This evening was my second consecutive night of edgy, bored dissatisfaction. My brain has started to repair itself, and my thoughts and energy are beginning to flow again, but my body remains damaged and weak, and I am starting to chafe against its restrictions. Unable to return to my usual routines, but no longer in the torpor that enabled me to simply lie around in a daze for weeks on end, I felt unable to find anything that I wanted to do, or anything that could hold my attention. I found myself yearning for some sort of external stimulation or excitement, restlessly browsing lists of online friends for someone to chat to, yet not actually wanting to make contact with anyone; waiting for an elusive email to arrive and distract me, whilst finding myself unable to respond to any already in my inbox. I tried countless books, picked up and put down after a page or two; I considered a film, but couldn’t find any I wanted to watch. I ate delicious ice cream – my very favourite treat, and a rare one – but it did nothing more than make me colder.
The realisation slowly crystalised within me that the answer is not anywhere ‘out there’. It is not within another person or object. Surely this lesson should have been learnt many years ago, and has indeed been learnt time and again? I have no doubt it is one I will stumble across time and again in future, though perhaps with repetition I will reach both the realisation and a solution at a faster pace.

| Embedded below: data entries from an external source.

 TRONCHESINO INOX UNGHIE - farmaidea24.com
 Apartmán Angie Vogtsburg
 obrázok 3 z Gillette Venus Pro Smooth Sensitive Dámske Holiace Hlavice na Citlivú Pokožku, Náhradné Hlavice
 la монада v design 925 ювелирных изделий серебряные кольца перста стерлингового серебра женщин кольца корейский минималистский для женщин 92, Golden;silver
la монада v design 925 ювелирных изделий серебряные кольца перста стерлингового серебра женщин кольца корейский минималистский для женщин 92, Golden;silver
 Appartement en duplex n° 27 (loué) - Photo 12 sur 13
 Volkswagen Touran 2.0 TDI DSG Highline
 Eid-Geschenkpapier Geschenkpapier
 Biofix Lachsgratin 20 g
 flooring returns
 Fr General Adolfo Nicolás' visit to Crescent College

The minute I picked up a paintbrush, a wide smile began to spread across my face, and I felt nothing but excited contentment. I usually pick up a brush to externalise words or images in my head, but tonight my mind was as blank at the page in front of me – and it didn’t matter. I chose a colour – blue – and began to paint a river. I then felt a strong desire to listen to Joni Mitchell, and as the soothing first notes of ‘Night Ride Home’ slipped through the house my smile widened, and the picture morphed into a moon, then a flower. But it didn’t matter what I was painting – it mattered only that I was painting. The colours, and the flow of the brush, were enough. I thought of my mother, simple memories of the last years we lived together – cooking a meal, listening to music, lying in the sun next to the swimming pool discussing a novel, relationships, or work. Instead of missing her, I felt the warm glow of delight in all we shared. She, like everything else crucial to my happiness, resides within me, to be called upon whenever I have the need, desire, or wisdom to do so.